龍雲寺禅堂で行う断食|3年間ほぼ満室が続く理由
- 龍雲寺禅堂スタッフ
- 4月3日
- 読了時間: 5分

龍雲寺禅堂がオープンしてから、気がつけば3年以上が経ちました。
振り返ってみれば、そのほとんどの期間が「ほぼ満室」の状態です。毎週のように「予約が取れませんでした」「またリベンジします」という声をいただくたびに、心苦しい反面、たくさんの方に必要とされていることを実感します。
どうして、断食道場である龍雲寺禅堂が、これほどまでにたくさんの方に選ばれ続けているのでしょうか?

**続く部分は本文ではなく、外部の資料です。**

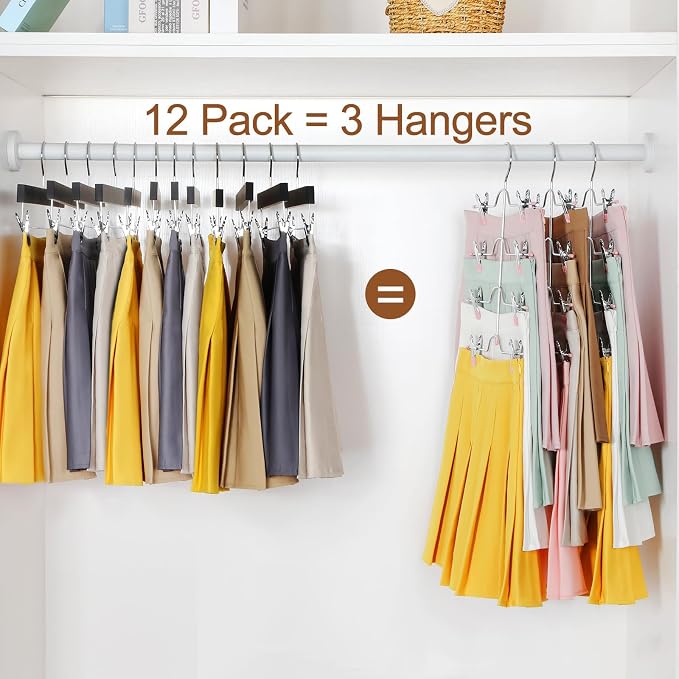 TOPIA HANGER 4 Tier Metal Skirt Hangers for Women, Pants Hanger Space Saving with Adjustable Clips, Gain 70% More Space, Non Slip Grip for Slacks, Trousers, Shorts, Jeans, Towels, Pink, 3-Pack, CT24P - Image 3
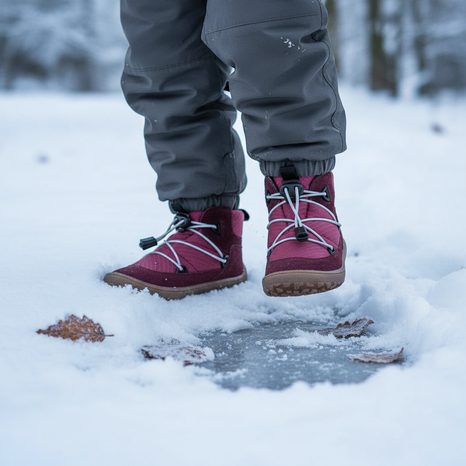 DÍVČÍ CELOROČNÍ BAREFOOT BOTY TEX TRACK BORDEAUX, FRODDO, G3110257-7, ČERVENÁ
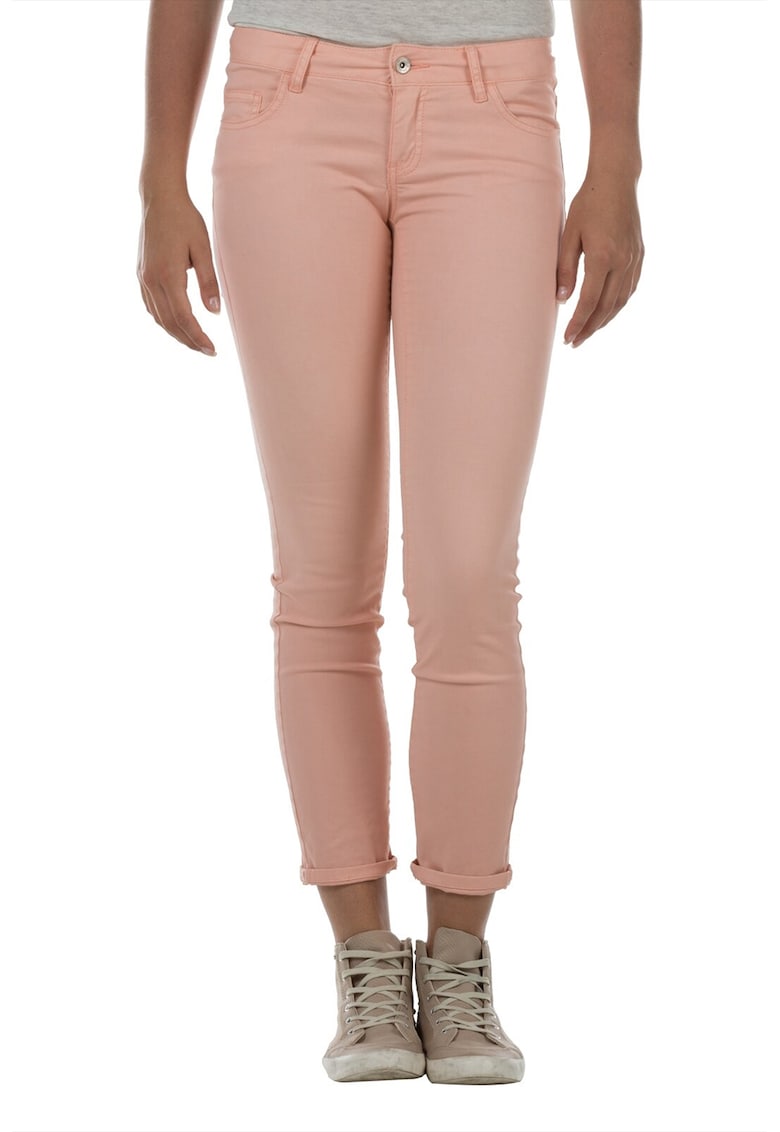 Pantaloni skinny crop cu talie joasa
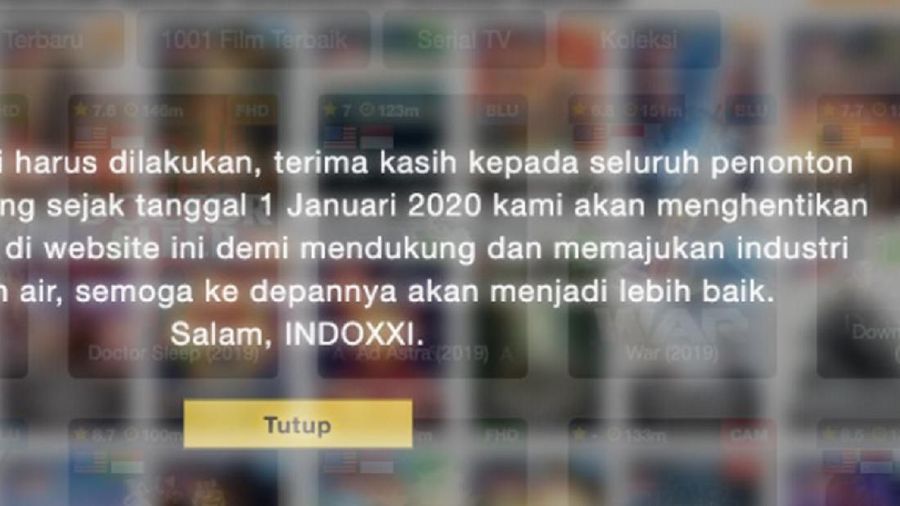 Layanan IndoXXI sudah tidak bisa diakses, film yang ada tidak bisa diputar.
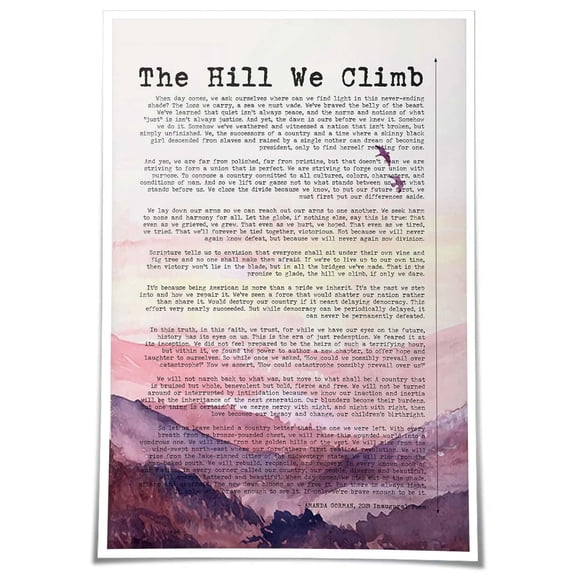 The Hill We Climb Poem Wall Art Vintage Speech Poster Decoration Canvas Bedroom poster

もちろん「一日一食断食の効果」や「禅寺という環境」「丁寧な食事やお部屋の整備」といったわかりやすい理由もありますが、今回は少し違った視点で、私たちが大切にしていることや、実際に滞在された方々の声から見えてきた「続く理由」についてお話ししたいと思います。
飾らない、でも整っているという安心感
私たちが目指しているのは、ホテルのような豪華さや、リゾートスパのような非日常とは、少し違う方向です。龍雲寺禅堂は、700年続く禅寺・龍雲寺の一角にある宿坊であり、そして現代の断食道場として運営されています。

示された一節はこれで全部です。